▸ **Exercise goal**
Reproduce the listing in full, exactly as written, but without images.

---- Input data

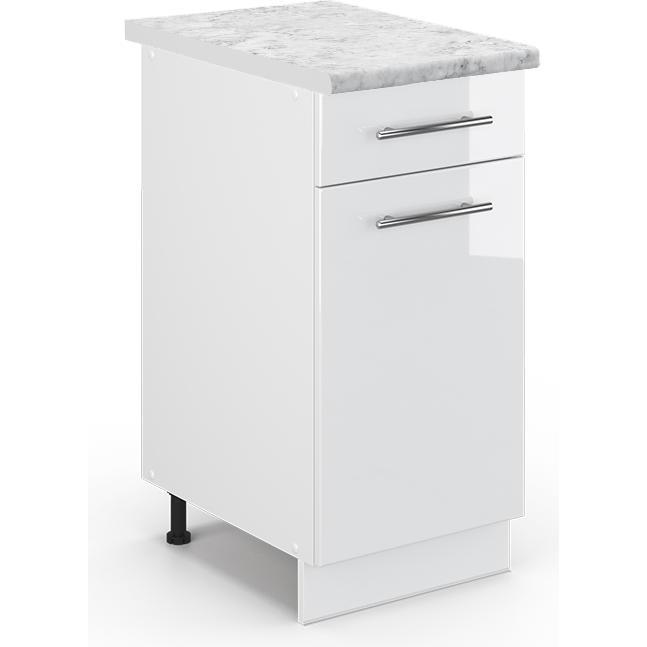 Vicco, Regal, Küchenunterschrank Fame-Line (40 x 60 x 81.5 cm)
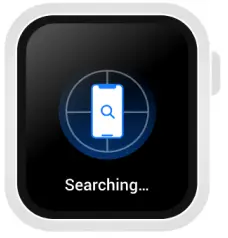 BOULT 1675855918 Ridge Smartwatch - Find phone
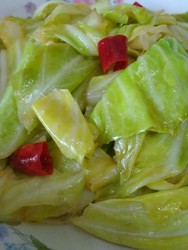 手撕卷心菜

--------

▸ **Written answer**
 Vicco, Regal, Küchenunterschrank Fame-Line (40 x 60 x 81.5 cm)
 BOULT 1675855918 Ridge Smartwatch - Find phone
 手撕卷心菜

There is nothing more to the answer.